FDIC Proposing Doubling of Required Funding for Banks That Make Risky Loans

By Marcy Gordon - The Associated Press

WASHINGTON (AP) - The Federal Deposit Insurance Corp., concerned about its biggest losses from bank failures since the early 1990s, is proposing doubling the minimum required funding for banks that specialize in risky loans to people with inferior credit histories.

Regulators have warned that the higher-interest loans, called subprime loans, can increase the risk of defaults for the deposit insurance fund. They played a role in some of the eight U.S. bank failures last year. The eight failures and another one in late 1998 cost the FDIC about $1 billion last year - its biggest annual hit since the regional banking crises of the early 1990s.
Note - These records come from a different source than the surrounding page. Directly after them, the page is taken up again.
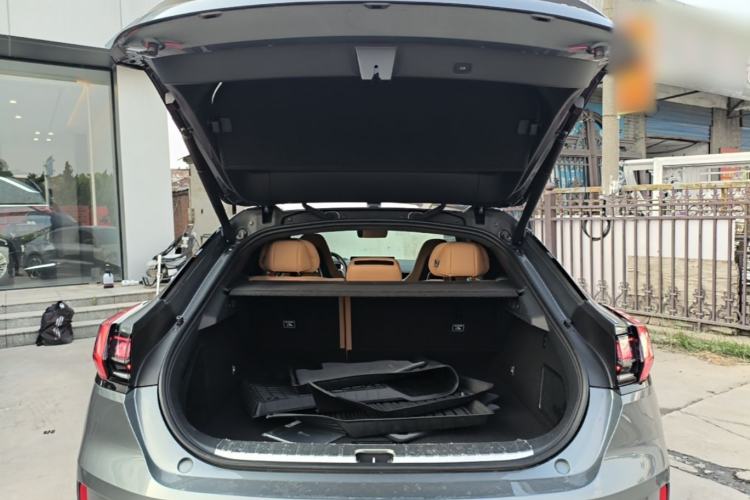 Used Zeekr 001 2023 ME Edition 100 kWh Trunk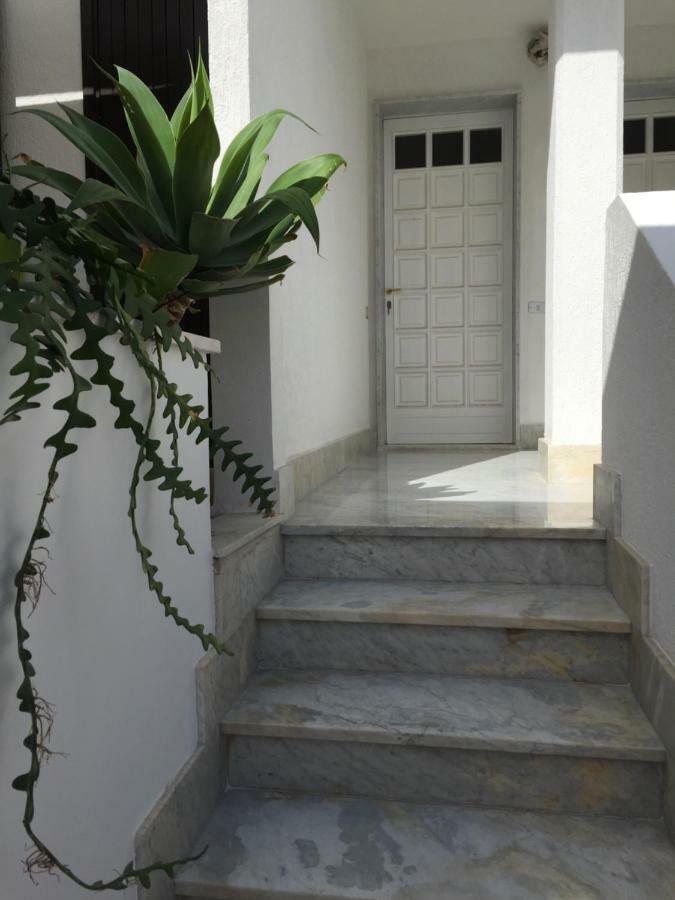 Ferienwohnung Casa Sul Mare - Wifi Free - Parcheggio Privato San Foca Exterior foto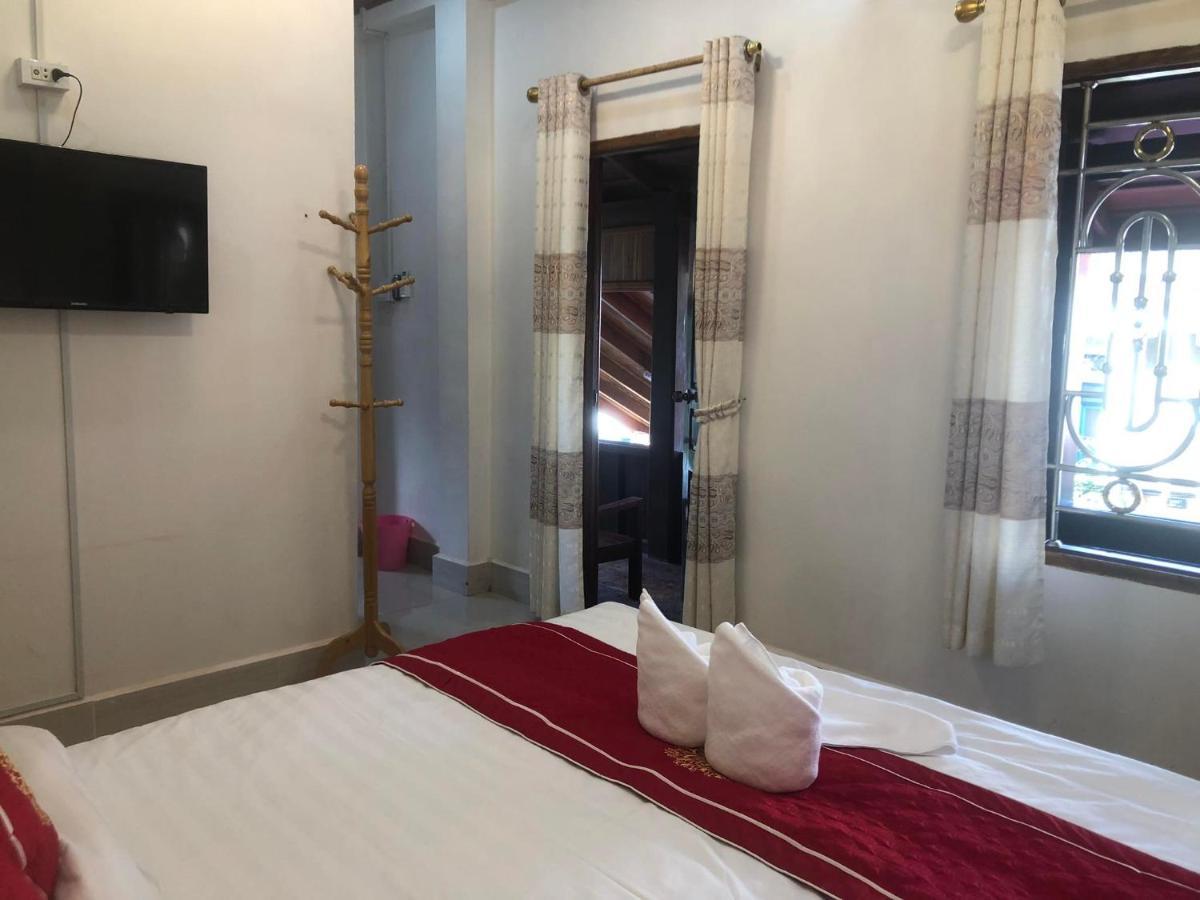 Suan Keo Place House Luang Prabang Extérieur photo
The failures, coming amid a booming economy, have worried regulators and lawmakers. Compounding the concern, the FDIC is predicting that as many as 20 banks could go under this year.
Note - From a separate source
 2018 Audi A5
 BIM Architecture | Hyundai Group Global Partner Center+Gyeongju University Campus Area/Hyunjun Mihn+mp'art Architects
In a speech last November, Donna Tanoue, the FDIC chairwoman, floated the idea of increasing the required capital that banks and thrifts doing a lot of subprime lending must have on hand.

"I believe thrifts and banks with high concentrations of subprime loans should be required to hold more capital than the current rules now dictate. A lot more," Ms. Tanoue told bankers.

Now the FDIC has circulated a draft to the other federal banking agencies, including the Federal Reserve and the Office of the Comptroller of the Currency, which must all agree on a formal proposal to be put out for public comment.

"We know that they have a proposal out there for discussion purposes," David Runkel, a spokesman for the House Banking Committee, said Tuesday.

Because of a federal government shutdown in Washington due to the East Coast snowstorm, spokesmen for the FDIC and other banking agencies couldn't be reached for comment on the proposal. It was first reported in Tuesday's editions of The Wall Street Journal.

There has been disagreement over the FDIC's proposed definition of subprime borrowers, The Journal reported. Critics of the proposal have maintained that under the definition - borrowers who have made two payments 30 or more days late or one payment 60 or more days late - many community banks that lend to low- and moderate-income people would be adversely affected.

The proposal applies to all forms of consumer credit, including home mortgages, credit cards, auto loans and personal loans.

The FDIC says it has found about 150 banks and thrifts with significantly high levels of subprime loans. Together, those institutions hold about 5 percent of total banking industry assets.

The Banking Committee chairman, Rep. Jim Leach, R-Iowa, recently proposed legislation that would give the head of the FDIC more authority over troubled banks. His proposal was prompted by the failure last fall of First National Bank of Keystone, a bank based in Keystone, W.Va., that grew by paying high interest rates to attract capital from across the United States.

The estimated $750 million loss to the FDIC insurance fund caused by Keystone's failure could make it one of the 10 most expensive ever in this country, with losses approaching 70 percent of the bank's assets. Federal regulators, who closed the bank in September, said they found evidence of apparent fraud that resulted in the depletion of its capital. They alleged, for example, that $515 million in loans fraudulently remained on Keystone's books after they had been sold.

Leach has said there are indications the regulators may not have properly supervised Keystone when it engaged in risky financial strategies, and that the FDIC was stymied at key points by other federal banking agencies in its desire to examine the bank's activities.

Leach didn't immediately return a telephone call seeking comment Tuesday on the FDIC's capital requirement proposal.

The bank insurance fund, which backs each account up to $100,000, has an adequate cushion - now some $29 billion - to cover depositors' losses.

Through most of the 1990s, there were fewer than 10 bank failures a year. But in 1992, at the height of the banking crisis, 122 banks failed, mostly in Texas and New England as their oil and real estate booms, respectively, collapsed.